By Stephen Rainey
Joe Biden won the recent US election. As yet, the normal concession speech from the losing candidate has not been forthcoming. Donald Trump’s actions since losing the presidency have been, well, Trumpian, prompting Biden to label them an ‘embarrassment.’ He also suggested that The Donald was endangering his legacy in not reacting more gracefully. But what use is talk of ‘legacy’? What matters most about it?
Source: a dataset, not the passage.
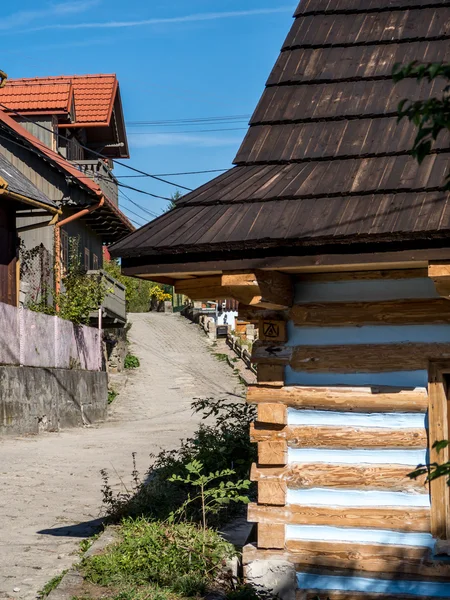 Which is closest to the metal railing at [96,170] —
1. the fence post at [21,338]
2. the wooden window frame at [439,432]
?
the fence post at [21,338]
It would be easy to ‘Goldwater’ Trump, that is, diagnose some mental incapacity from afar. One could suggest he was ill-equipped to absorb his defeat. He has behaved in ways that could be seen as pathological. Maybe, we might continue, he really doesn’t believe this is the end. If that were the case, there would be no need to consider legacy. It would also be easy to have suspected that, far from sticking around, 45 would flounce out of the White House, his pride wounded. Legacy wouldn’t matter in that case, because the electorate, the people, would have shown themselves to be unworthy, having voted the wrong way. Sad.
At the time of writing, at any rate, it seems Team Trump’s attention has shifted, from Total Landscaping to local locksmiths, with a view to hanging around. That’s a third way to avoid contemplating legacy, besides not believing or not caring. Just ignore the eviction notice.
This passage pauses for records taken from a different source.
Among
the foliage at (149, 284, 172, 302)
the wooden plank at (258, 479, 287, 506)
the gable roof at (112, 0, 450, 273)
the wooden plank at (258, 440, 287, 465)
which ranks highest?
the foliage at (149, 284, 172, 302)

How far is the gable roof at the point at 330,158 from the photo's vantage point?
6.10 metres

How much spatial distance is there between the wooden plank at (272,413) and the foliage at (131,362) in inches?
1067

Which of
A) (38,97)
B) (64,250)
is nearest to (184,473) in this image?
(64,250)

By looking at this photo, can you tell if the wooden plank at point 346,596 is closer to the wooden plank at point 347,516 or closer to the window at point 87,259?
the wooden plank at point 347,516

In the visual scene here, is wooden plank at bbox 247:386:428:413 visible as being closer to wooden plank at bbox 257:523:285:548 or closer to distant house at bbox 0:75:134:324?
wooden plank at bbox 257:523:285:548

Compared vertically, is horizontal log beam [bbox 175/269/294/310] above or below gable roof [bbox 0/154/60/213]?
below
Part of legacy involves perception. And no one can have complete control over how they seem. But then, seeming some way often depends on being some way. The list of things Donald Trump has done that are reprehensible is long and well documented. But his legacy, no matter how he feels about that, might end up relating to how he seemed. Whether that’s as unwavering in his convictions, or a thin-skinned authoritarian; a no-nonsense speaker, or an ignoramus; a proud patriot, or a white-supremacist is likely to depend on whether you would have been among the roughly 70,590,524 Americans who voted for him.
Legacy-building is about seeming a certain way. Less about doing things to be remembered, more doing things that draw focus. Biden mentions legacy as that’s in his comfort zone. He already has a lot to draw on, having been a politician for a long time, well before becoming Obama’s VP. What’s more, his legacy for presidency is likely already sketched out. For some, before things are even underway, he’s always already going to be the guy who tidied up the mess that Trump left.
For many, their feeling now is one of relief. Their biggest hope is for a return to normal. But it’s all too easy to forget that ‘normal’ gave the world Trump. It’s easy to forget that Biden has been a part of building that normal for decades, at almost every level of government. From the perspective of the roughly 74,846,612 Americans who voted for Biden, they should hope for a world where Trump 2.0 is not possible. Everyone should be hoping that a future re-builder is not required. That means waving goodbye to ‘normal’.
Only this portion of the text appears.